▸ **EXERCISE GOAL**:
Set down exactly the lines running from the one with "Photo - 2021 10th Ave S Unidad 601.1402907" to the last line of the listing below, both included, and skip every picture.

▸ **DATA FOR PROCESSING**:
__________________________________________________

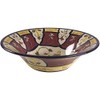 Pier 1 Vallarta 14" Pasta Serving Bowl
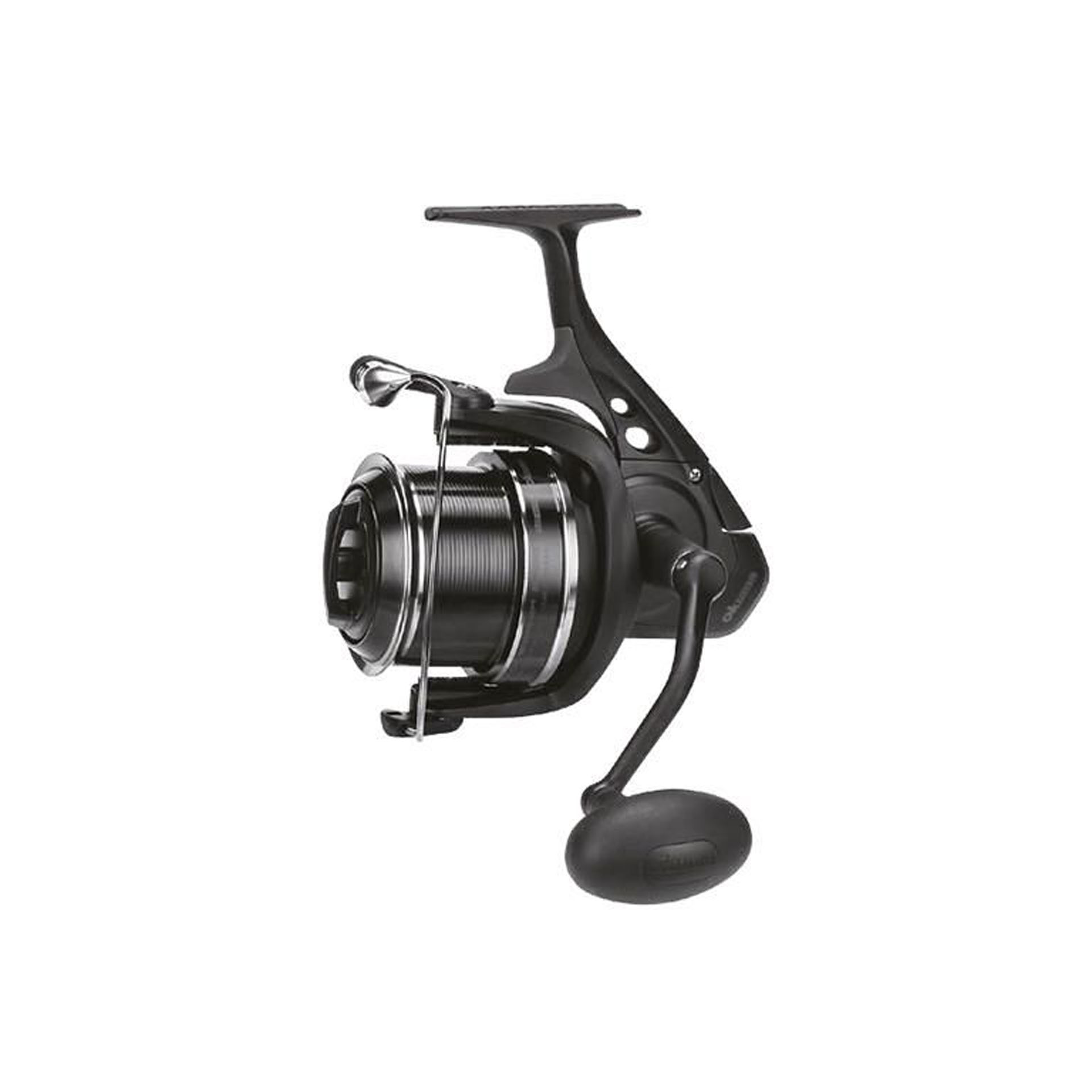 Image de BIGBOMBER SPOD BRAIDLINE 7000S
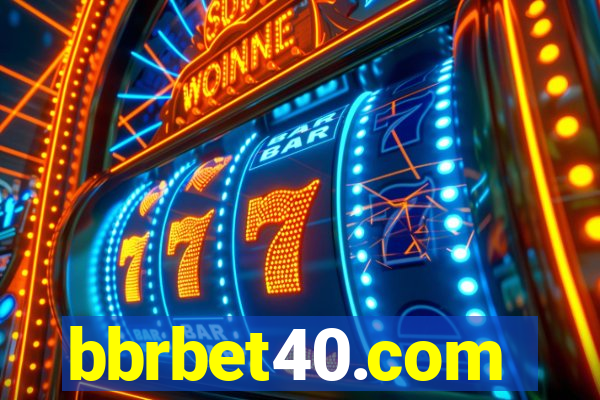 bbrbet40.com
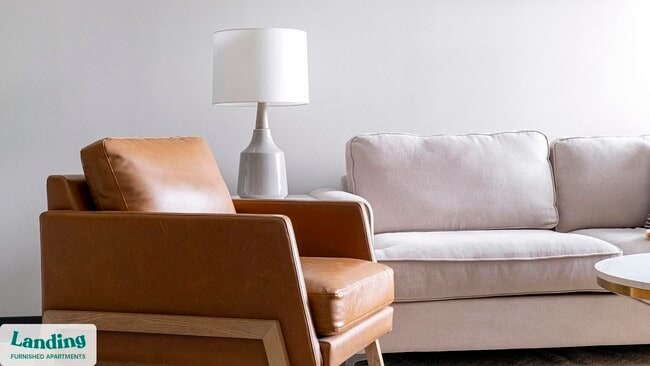 Photo - 2021 10th Ave S Unidad 601.1402907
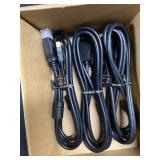 Samsung Computer Cords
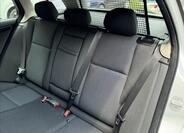 Mercedes-Benz Třídy C 34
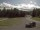 Webcam in Puchenstuben, 13.7 mi away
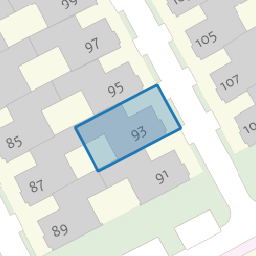 Perceel AMR04-P-4638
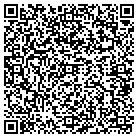 QR code with Professional Stylists contacts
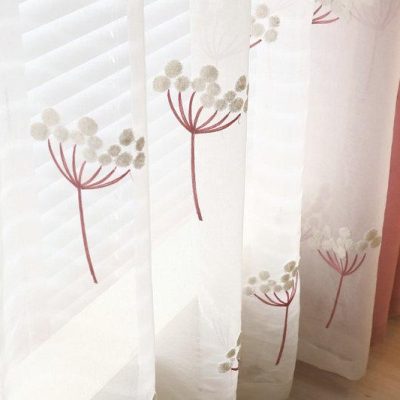 Rèm họa tiết 12.4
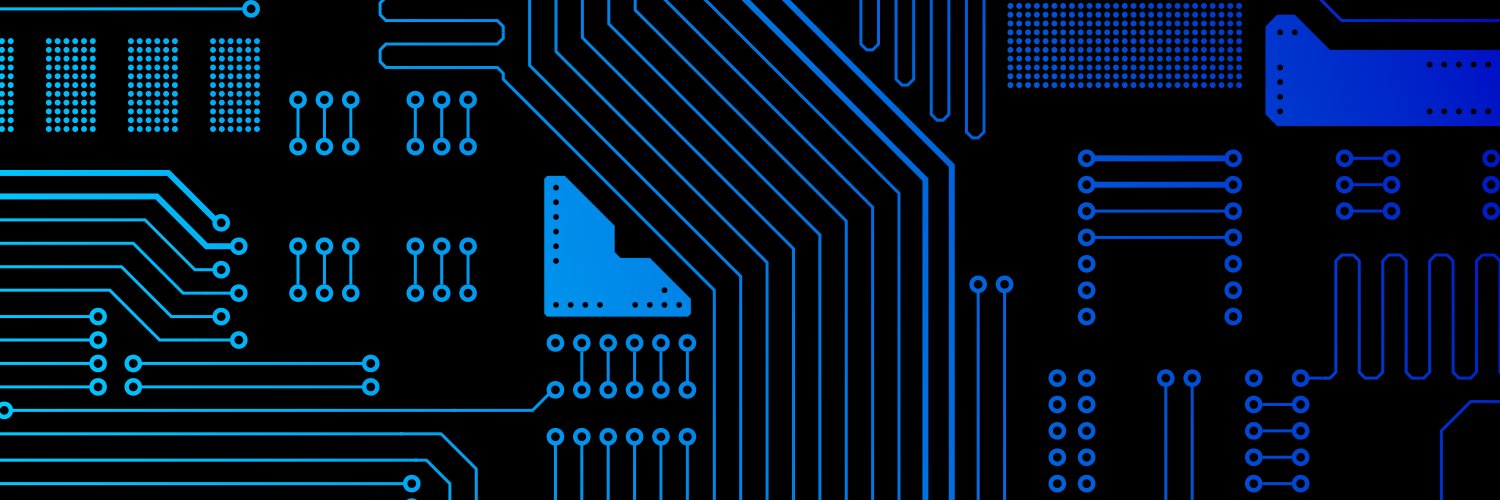 Steets banner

__________________________________________________

▸ **RESPONSE TO THIS TASK**:
 Photo - 2021 10th Ave S Unidad 601.1402907
 Samsung Computer Cords
 Mercedes-Benz Třídy C 34
 Webcam in Puchenstuben, 13.7 mi away
 Perceel AMR04-P-4638
 QR code with Professional Stylists contacts
 Rèm họa tiết 12.4
 Steets banner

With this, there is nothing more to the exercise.